I have not messed with the others, cuz they are still working properly (I guess...) on our coach.  They are all up in dirty cramped hard-to-get-to places under the coach, so I am putting that project off as long as possible.
Title: Re: Need help with an air leak
Post by: DayDreamer on March 05, 2020, 09:23:09 am
Just to make it easier to swallow when you write the check;

Without these valves working properly you have given up the safety of dual breaking circuits i.e if one circuit has a "blow out" you would automatically lose the other circuit.

There should also be a pilot operated valve to supply bulk air to each brake chamber.  I'm looking forward to learning more about testing those at your expense.  ^.^d

Seems like I have been writing a lot of checks lately!  Been salivating at the paint jobs others are getting done, but definitely need to focus on getting it safe first.

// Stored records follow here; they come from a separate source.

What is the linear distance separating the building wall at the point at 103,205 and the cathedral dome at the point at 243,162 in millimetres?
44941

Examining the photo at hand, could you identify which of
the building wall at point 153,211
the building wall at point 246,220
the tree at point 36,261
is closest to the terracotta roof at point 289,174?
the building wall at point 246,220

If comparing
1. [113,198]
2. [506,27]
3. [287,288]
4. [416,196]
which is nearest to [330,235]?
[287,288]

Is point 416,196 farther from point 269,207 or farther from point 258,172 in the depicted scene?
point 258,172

By pilot operated valves are you referring to the SPS valves on the drawings?  Took me a while on Google to determine they are Skid Protection Sensitive valves that work with the ABS system.
Title: Re: Need help with an air leak
Post by: Chuck & Jeannie on March 05, 2020, 09:42:36 am
ABS coaches are different than older models without ABS.  The SPS valves in your diagram must be part of the ABS systems.  It looks like they take the place of the Quick Release valve (front) and the Service Brake Relay valve (rear) on older non-ABS models.

I edited my post above to only pertain to non-ABS systems.
Title: Re: Need help with an air leak
Post by: Old Toolmaker on March 05, 2020, 10:10:09 am

By pilot operated valves are you referring to the SPS valves on the drawings?  Took me a while on Google to determine they are Skid Protection Sensitive valves that work with the ABS system.

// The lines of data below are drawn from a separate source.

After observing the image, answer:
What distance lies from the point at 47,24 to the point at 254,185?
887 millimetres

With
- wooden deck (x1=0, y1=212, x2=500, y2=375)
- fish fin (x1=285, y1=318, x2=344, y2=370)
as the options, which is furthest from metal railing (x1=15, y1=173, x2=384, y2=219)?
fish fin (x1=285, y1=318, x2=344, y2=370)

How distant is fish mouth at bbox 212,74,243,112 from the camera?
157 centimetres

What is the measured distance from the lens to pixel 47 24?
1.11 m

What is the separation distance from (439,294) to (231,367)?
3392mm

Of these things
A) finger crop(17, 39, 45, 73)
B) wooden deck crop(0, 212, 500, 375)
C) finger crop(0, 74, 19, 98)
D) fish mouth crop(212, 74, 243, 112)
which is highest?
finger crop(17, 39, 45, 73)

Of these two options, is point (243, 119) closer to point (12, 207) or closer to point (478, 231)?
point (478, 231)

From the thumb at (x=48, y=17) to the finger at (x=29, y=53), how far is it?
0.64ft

No.  In order to obtain quick response on a pneumatic system, it is customary to place a pilot operated valve near the load, that way when you send a signal it goes through a smaller line that operates the pilot operated valve which moves the bulk air into the device.

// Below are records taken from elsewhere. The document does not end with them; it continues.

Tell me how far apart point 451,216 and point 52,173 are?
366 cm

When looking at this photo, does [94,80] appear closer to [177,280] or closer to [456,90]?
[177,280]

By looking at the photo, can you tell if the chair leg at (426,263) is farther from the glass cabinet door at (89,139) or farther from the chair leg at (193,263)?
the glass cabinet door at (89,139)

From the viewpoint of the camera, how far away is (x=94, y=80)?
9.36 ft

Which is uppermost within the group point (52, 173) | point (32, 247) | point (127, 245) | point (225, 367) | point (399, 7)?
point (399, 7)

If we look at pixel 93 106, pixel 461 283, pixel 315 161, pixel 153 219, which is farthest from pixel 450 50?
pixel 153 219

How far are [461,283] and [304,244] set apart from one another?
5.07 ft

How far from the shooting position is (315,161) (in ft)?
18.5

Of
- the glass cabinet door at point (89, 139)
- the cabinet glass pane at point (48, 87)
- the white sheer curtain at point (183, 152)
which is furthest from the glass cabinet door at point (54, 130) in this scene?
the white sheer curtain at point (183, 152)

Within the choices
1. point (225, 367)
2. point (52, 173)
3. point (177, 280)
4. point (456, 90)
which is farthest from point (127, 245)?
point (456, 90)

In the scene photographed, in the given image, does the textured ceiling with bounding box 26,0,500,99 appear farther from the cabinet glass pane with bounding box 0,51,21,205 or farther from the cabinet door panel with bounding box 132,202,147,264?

You have ABS?  Cool!  I hope they got it right.  When the railroads tried ABS in an attempt to eliminate flatted tires, commuter trains ended up rolling though stations without enough air left to set the brakes.  I'm sure they got it right on your rig.  ;D
Title: Re: Need help with an air leak
Post by: Chuck & Jeannie on March 05, 2020, 10:17:12 am
You have ABS?  Cool!  I hope they got it right. 
Actually, the ABS systems on Foretravel coaches, although they seem to work OK, have caused some problems for our Forum members.

There is a particular "sensor" at each brake unit that is prone to going dead.  When it does, owners have a hard time finding a replacement.  In some cases, it is unobtainable...  I don't know all the details cuz we don't have ABS, but anyone interested in this subject can search the Forum for more info.
Title: Re: Need help with an air leak
Post by: Michelle on March 05, 2020, 10:45:47 am
Actually, the ABS systems on Foretravel coaches, although they seem to work OK, have caused some problems for our Forum members.

There is a particular "sensor" at each brake unit that is prone to going dead.  When it does, owners have a hard time finding a replacement.  In some cases, it is unobtainable...  I don't know all the details cuz we don't have ABS, but anyone interested in this subject can search the Forum for more info.

It's the rear ABS sensor on late 90's coaches.  OEM size and style not available.  The new part number that replaces it does not fit those coaches.

1998 U 270 rear ABS sensor source and part number (https://www.foreforums.com/index.php?topic=29227.0)
Title: Re: Need help with an air leak
Post by: DayDreamer on March 08, 2020, 03:32:23 pm
Replaced the check valves on both service tanks today with new Haldex KN23000 check valves.  They are working great.  Now when I drain the wet tank, both service tanks hold air!  Hope I never have to rely on them, but feeling a little safer. Looks like you can also get just the internals as part RN10Y, but it is not that much cheaper.
 
Also replaced a leaking regulator on the step with one from Home Depot.  Still have some minor air leaks to find/fix, but only lost 4 psi over an hour.